[Short text fragments from websites]
Segment Open
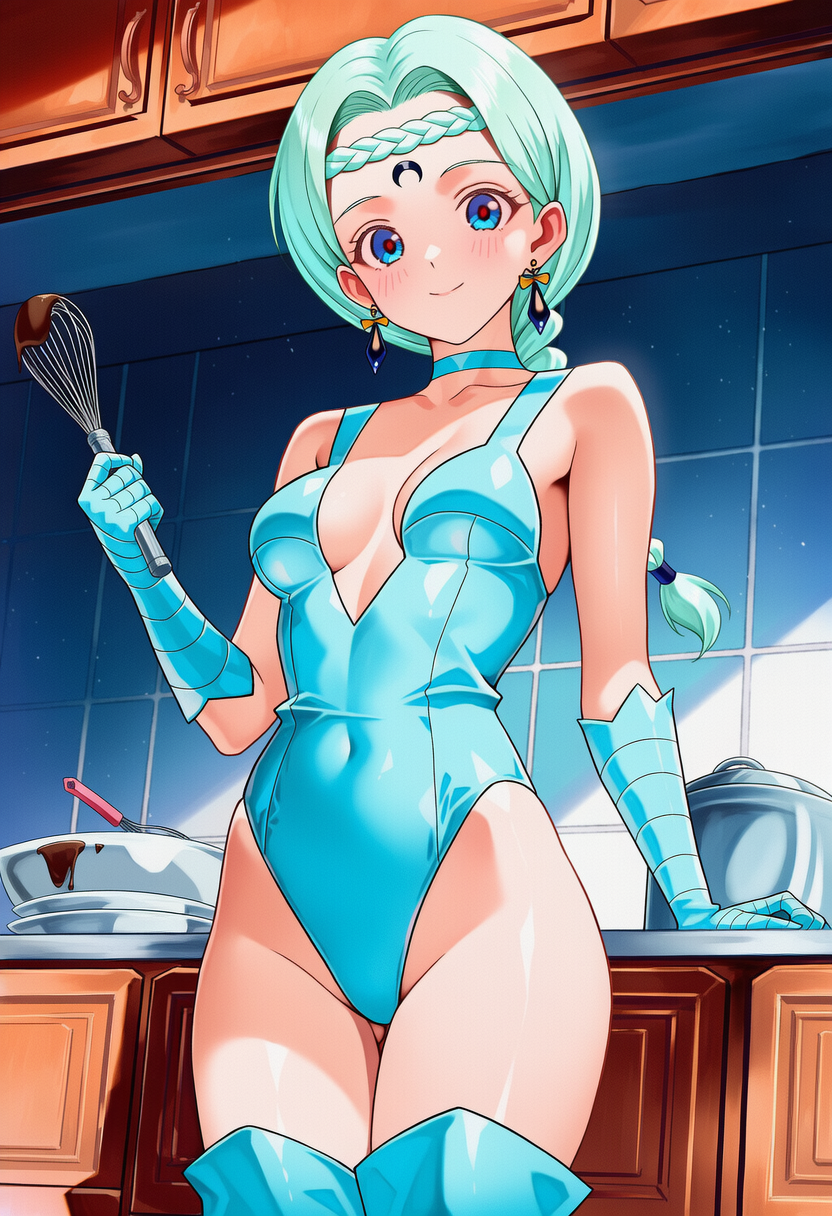 手作りチョコレートを作るベルチェ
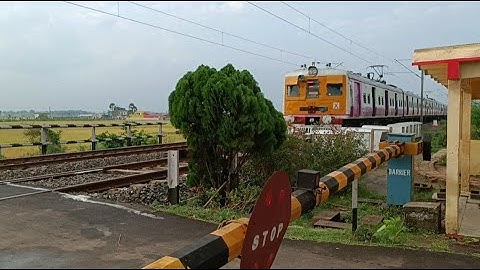 New Printed Duplicate Medha EMU Local Train Dangerous & Furious Moving Out Railgate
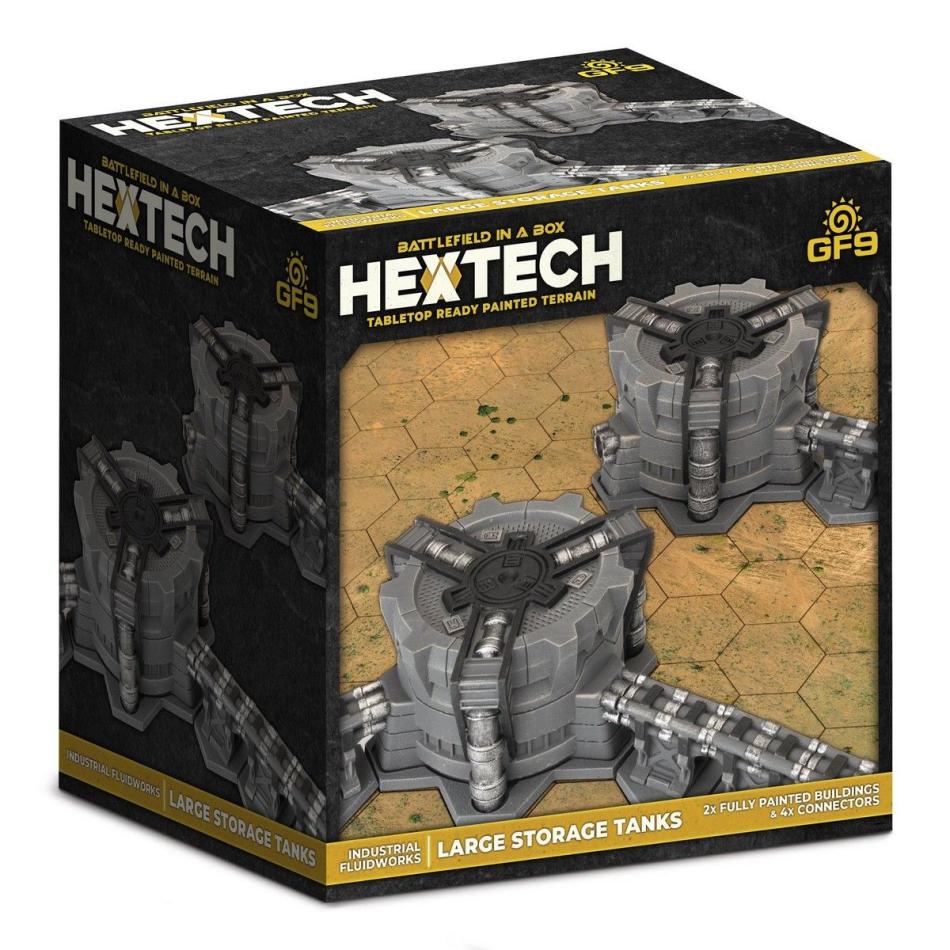 Battlefield in a Box - HEXT41 - Industrial Fluidworks: Large Storage Tanks (x2)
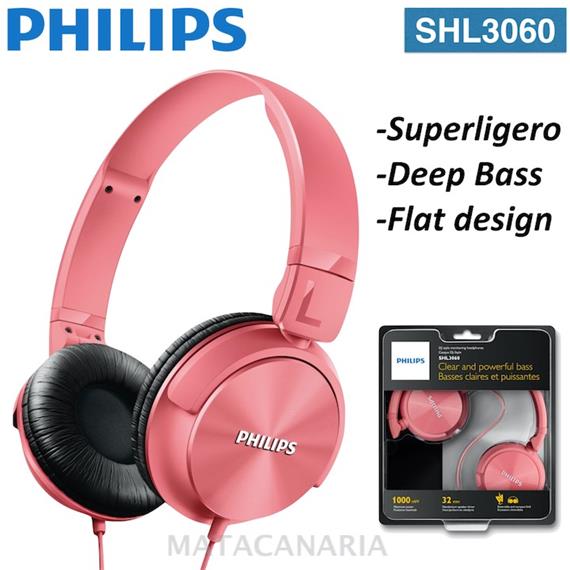 PHILIPS SHL-3060 AURICULAR PINK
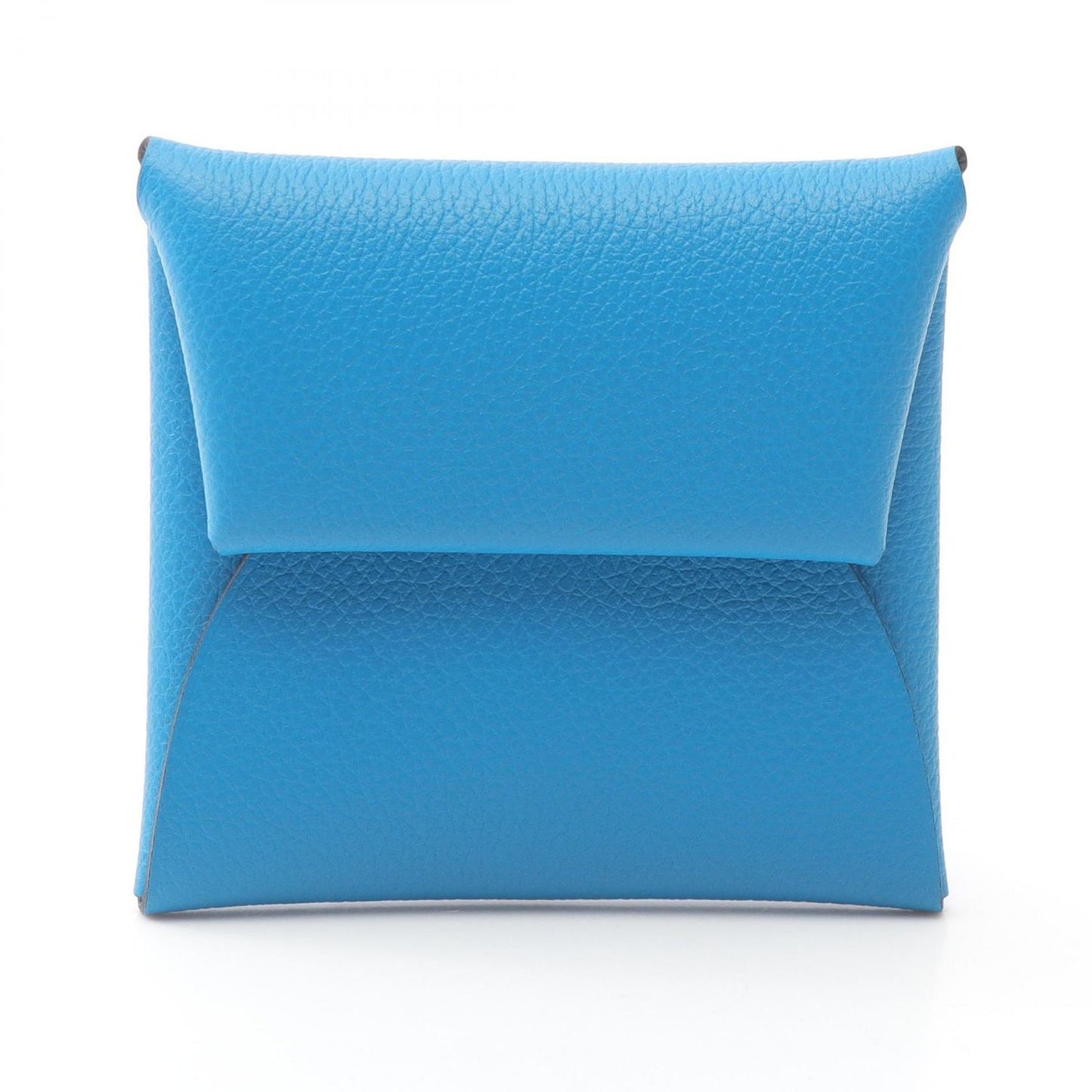 HERMES Bastia Coin Case in Blue Zanjibar - Exquisite Craftsmanship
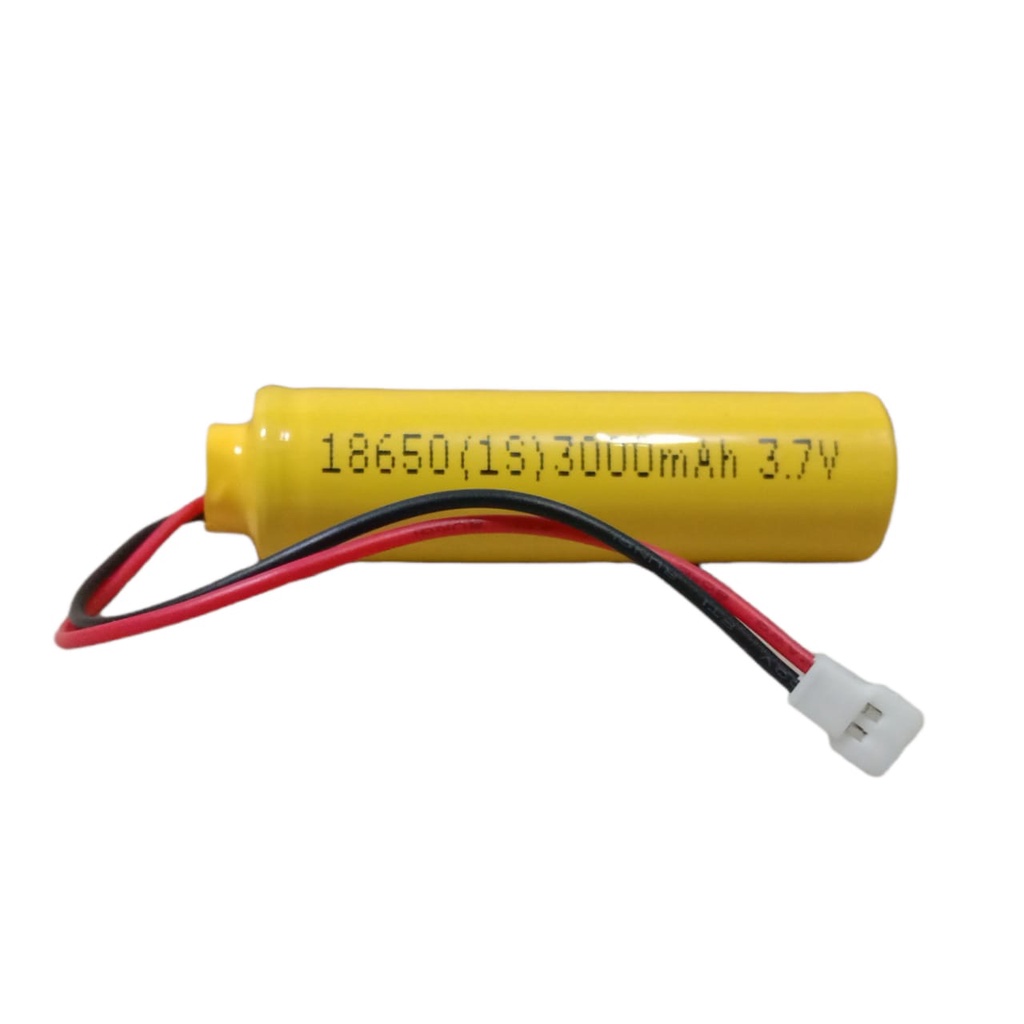 Baterai RC/ Baterai Pesawat Drone / Baterai Mainan RC Lainnya 1x 18650-1S 3000mAh 3.7V Protektor BMS 6A Konektor JST LOSI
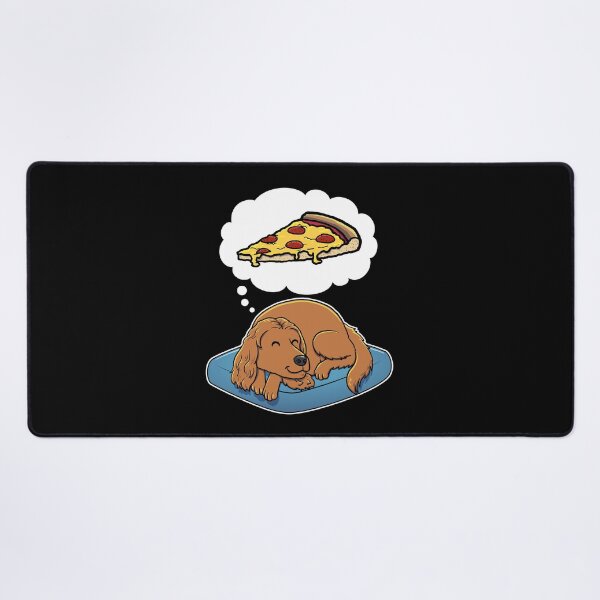 Item preview, English Cocker Spaniel dreaming about Pepperoni Pizza designed and sold by DoggieDelights.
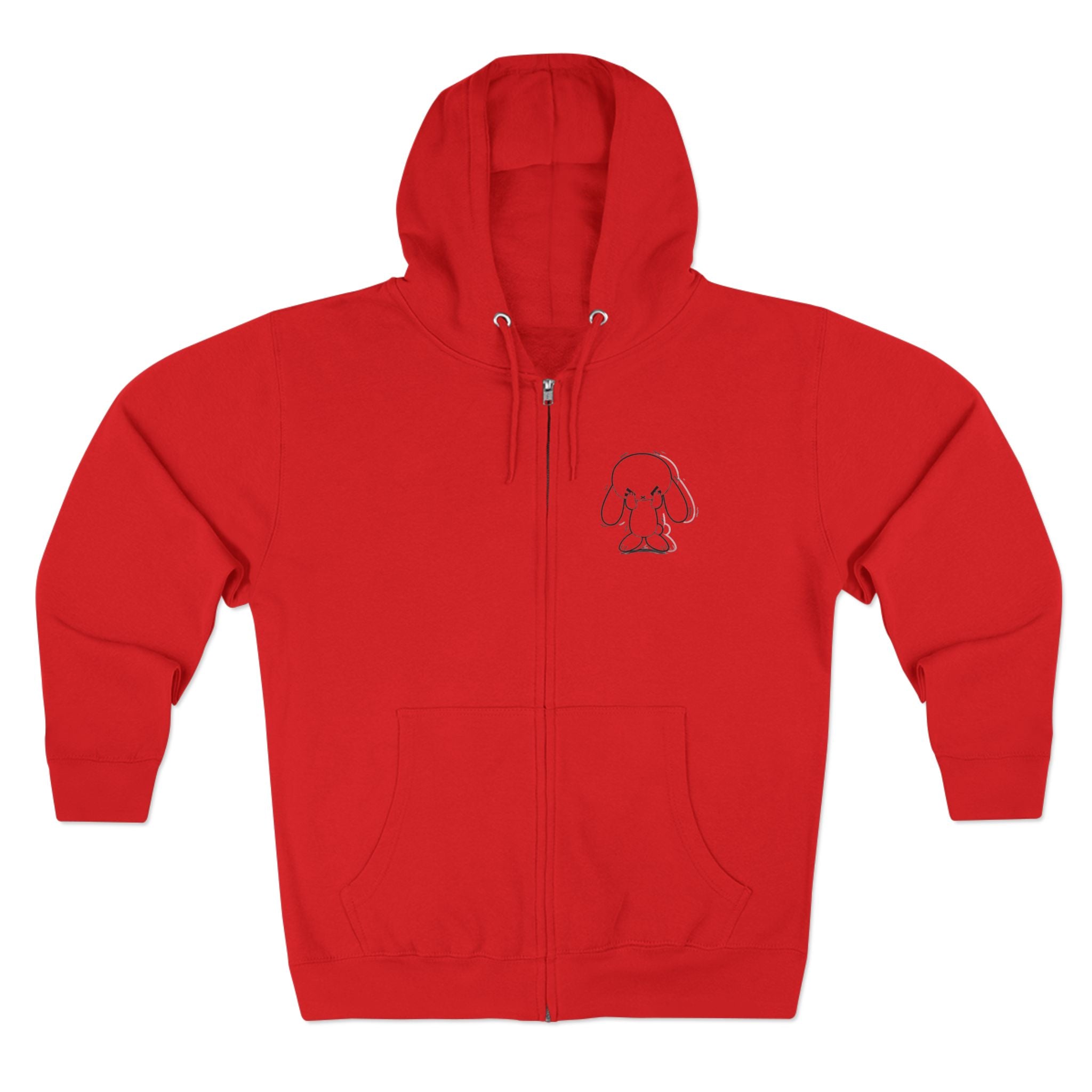 Sample logo Zip-Up Hoodie - Black logo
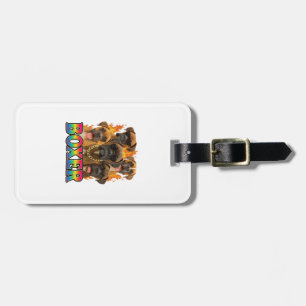 Étiquette À Bagage Boxeur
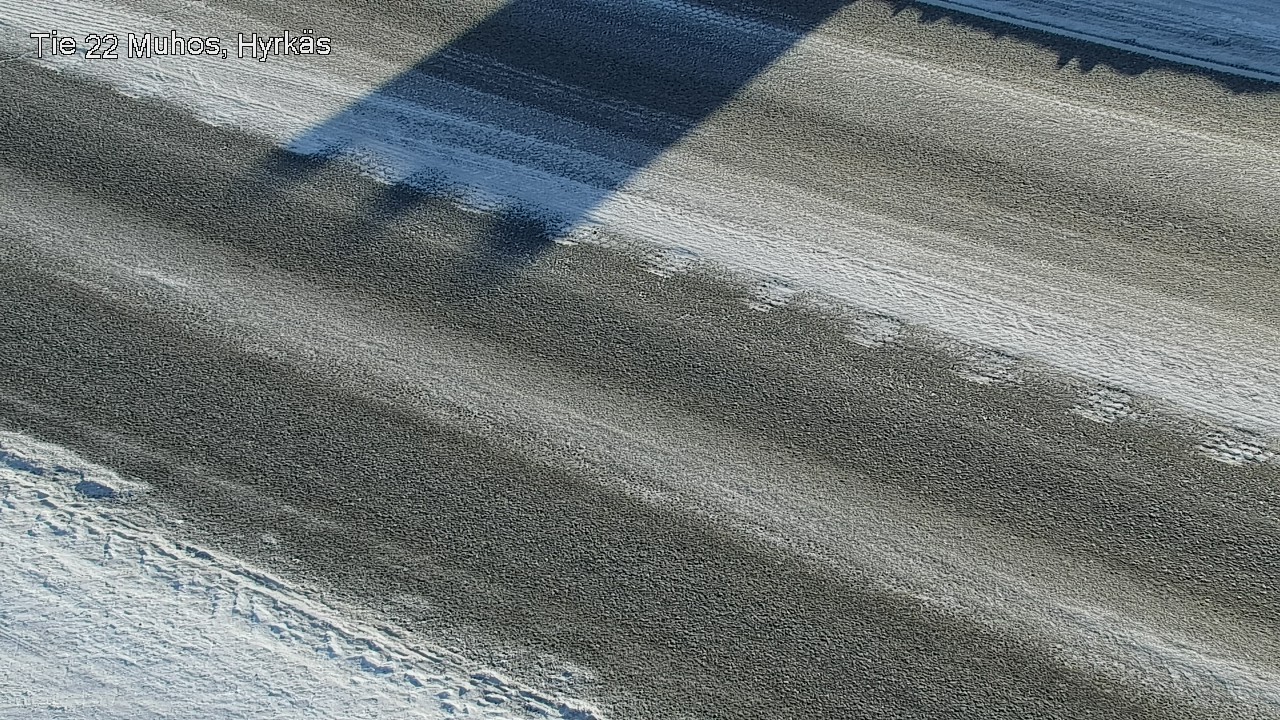 Weather Camera Image Road 22 Muhos, Hyrkäs, Muhos, Pohjois-Pohjanmaa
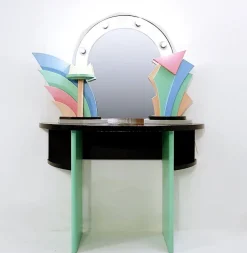 Pamono Mid-Century Modern Lacquered Wood Dressing Table, 1960s Best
Segment Closed
** Action item **
Exactly reproduce each entry, but drop the pictures.

** Output **
 手作りチョコレートを作るベルチェ
 New Printed Duplicate Medha EMU Local Train Dangerous & Furious Moving Out Railgate
 Battlefield in a Box - HEXT41 - Industrial Fluidworks: Large Storage Tanks (x2)
 PHILIPS SHL-3060 AURICULAR PINK
 HERMES Bastia Coin Case in Blue Zanjibar - Exquisite Craftsmanship
 Baterai RC/ Baterai Pesawat Drone / Baterai Mainan RC Lainnya 1x 18650-1S 3000mAh 3.7V Protektor BMS 6A Konektor JST LOSI
 Item preview, English Cocker Spaniel dreaming about Pepperoni Pizza designed and sold by DoggieDelights.
 Sample logo Zip-Up Hoodie - Black logo
 Étiquette À Bagage Boxeur
 Weather Camera Image Road 22 Muhos, Hyrkäs, Muhos, Pohjois-Pohjanmaa
 Pamono Mid-Century Modern Lacquered Wood Dressing Table, 1960s Best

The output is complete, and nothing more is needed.